### About this exercise
The records that follow must be repeated exactly, line by line.
*** Opening of Records for processing ***
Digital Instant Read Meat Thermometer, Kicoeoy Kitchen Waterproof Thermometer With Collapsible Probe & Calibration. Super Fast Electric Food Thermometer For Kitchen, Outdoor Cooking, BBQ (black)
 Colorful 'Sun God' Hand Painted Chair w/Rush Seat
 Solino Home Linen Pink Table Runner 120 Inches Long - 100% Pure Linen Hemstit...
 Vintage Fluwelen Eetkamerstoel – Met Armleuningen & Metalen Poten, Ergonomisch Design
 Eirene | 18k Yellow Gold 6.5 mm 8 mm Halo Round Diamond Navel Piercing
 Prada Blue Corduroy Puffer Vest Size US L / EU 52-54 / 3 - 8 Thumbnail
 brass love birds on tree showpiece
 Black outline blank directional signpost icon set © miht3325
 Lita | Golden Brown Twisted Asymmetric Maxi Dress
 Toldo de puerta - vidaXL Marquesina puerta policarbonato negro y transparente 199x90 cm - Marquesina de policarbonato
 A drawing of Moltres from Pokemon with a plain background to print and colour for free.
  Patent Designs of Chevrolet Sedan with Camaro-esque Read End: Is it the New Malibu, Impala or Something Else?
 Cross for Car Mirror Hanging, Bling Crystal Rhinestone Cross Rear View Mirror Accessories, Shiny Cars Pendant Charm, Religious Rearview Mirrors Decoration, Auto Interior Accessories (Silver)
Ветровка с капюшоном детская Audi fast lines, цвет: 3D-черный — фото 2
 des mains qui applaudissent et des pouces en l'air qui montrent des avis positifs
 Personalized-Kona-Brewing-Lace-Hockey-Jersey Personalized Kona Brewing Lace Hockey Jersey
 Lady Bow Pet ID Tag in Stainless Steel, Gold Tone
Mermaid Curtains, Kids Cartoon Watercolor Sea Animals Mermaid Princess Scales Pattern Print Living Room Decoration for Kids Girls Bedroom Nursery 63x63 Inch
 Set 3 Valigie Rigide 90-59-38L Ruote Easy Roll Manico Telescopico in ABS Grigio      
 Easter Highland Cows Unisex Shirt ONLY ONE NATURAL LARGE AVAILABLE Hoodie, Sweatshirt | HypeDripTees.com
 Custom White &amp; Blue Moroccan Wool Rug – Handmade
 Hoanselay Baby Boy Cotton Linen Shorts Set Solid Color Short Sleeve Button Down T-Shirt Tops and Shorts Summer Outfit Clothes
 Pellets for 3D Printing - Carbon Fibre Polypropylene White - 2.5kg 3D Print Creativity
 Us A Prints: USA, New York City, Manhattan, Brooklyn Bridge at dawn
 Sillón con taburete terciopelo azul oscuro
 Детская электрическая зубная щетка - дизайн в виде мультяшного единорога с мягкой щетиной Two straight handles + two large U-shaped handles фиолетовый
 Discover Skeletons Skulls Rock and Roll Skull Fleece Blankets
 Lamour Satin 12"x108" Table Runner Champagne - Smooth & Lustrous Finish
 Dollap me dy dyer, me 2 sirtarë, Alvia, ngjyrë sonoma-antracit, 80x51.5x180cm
*** Close of Records for processing ***
### Response to the task
Digital Instant Read Meat Thermometer, Kicoeoy Kitchen Waterproof Thermometer With Collapsible Probe & Calibration. Super Fast Electric Food Thermometer For Kitchen, Outdoor Cooking, BBQ (black)
 Colorful 'Sun God' Hand Painted Chair w/Rush Seat
 Solino Home Linen Pink Table Runner 120 Inches Long - 100% Pure Linen Hemstit...
 Vintage Fluwelen Eetkamerstoel – Met Armleuningen & Metalen Poten, Ergonomisch Design
 Eirene | 18k Yellow Gold 6.5 mm 8 mm Halo Round Diamond Navel Piercing
 Prada Blue Corduroy Puffer Vest Size US L / EU 52-54 / 3 - 8 Thumbnail
 brass love birds on tree showpiece
 Black outline blank directional signpost icon set © miht3325
 Lita | Golden Brown Twisted Asymmetric Maxi Dress
 Toldo de puerta - vidaXL Marquesina puerta policarbonato negro y transparente 199x90 cm - Marquesina de policarbonato
 A drawing of Moltres from Pokemon with a plain background to print and colour for free.
  Patent Designs of Chevrolet Sedan with Camaro-esque Read End: Is it the New Malibu, Impala or Something Else?
 Cross for Car Mirror Hanging, Bling Crystal Rhinestone Cross Rear View Mirror Accessories, Shiny Cars Pendant Charm, Religious Rearview Mirrors Decoration, Auto Interior Accessories (Silver)
Ветровка с капюшоном детская Audi fast lines, цвет: 3D-черный — фото 2
 des mains qui applaudissent et des pouces en l'air qui montrent des avis positifs
 Personalized-Kona-Brewing-Lace-Hockey-Jersey Personalized Kona Brewing Lace Hockey Jersey
 Lady Bow Pet ID Tag in Stainless Steel, Gold Tone
Mermaid Curtains, Kids Cartoon Watercolor Sea Animals Mermaid Princess Scales Pattern Print Living Room Decoration for Kids Girls Bedroom Nursery 63x63 Inch
 Set 3 Valigie Rigide 90-59-38L Ruote Easy Roll Manico Telescopico in ABS Grigio      
 Easter Highland Cows Unisex Shirt ONLY ONE NATURAL LARGE AVAILABLE Hoodie, Sweatshirt | HypeDripTees.com
 Custom White &amp; Blue Moroccan Wool Rug – Handmade
 Hoanselay Baby Boy Cotton Linen Shorts Set Solid Color Short Sleeve Button Down T-Shirt Tops and Shorts Summer Outfit Clothes
 Pellets for 3D Printing - Carbon Fibre Polypropylene White - 2.5kg 3D Print Creativity
 Us A Prints: USA, New York City, Manhattan, Brooklyn Bridge at dawn
 Sillón con taburete terciopelo azul oscuro
 Детская электрическая зубная щетка - дизайн в виде мультяшного единорога с мягкой щетиной Two straight handles + two large U-shaped handles фиолетовый
 Discover Skeletons Skulls Rock and Roll Skull Fleece Blankets
 Lamour Satin 12"x108" Table Runner Champagne - Smooth & Lustrous Finish
 Dollap me dy dyer, me 2 sirtarë, Alvia, ngjyrë sonoma-antracit, 80x51.5x180cm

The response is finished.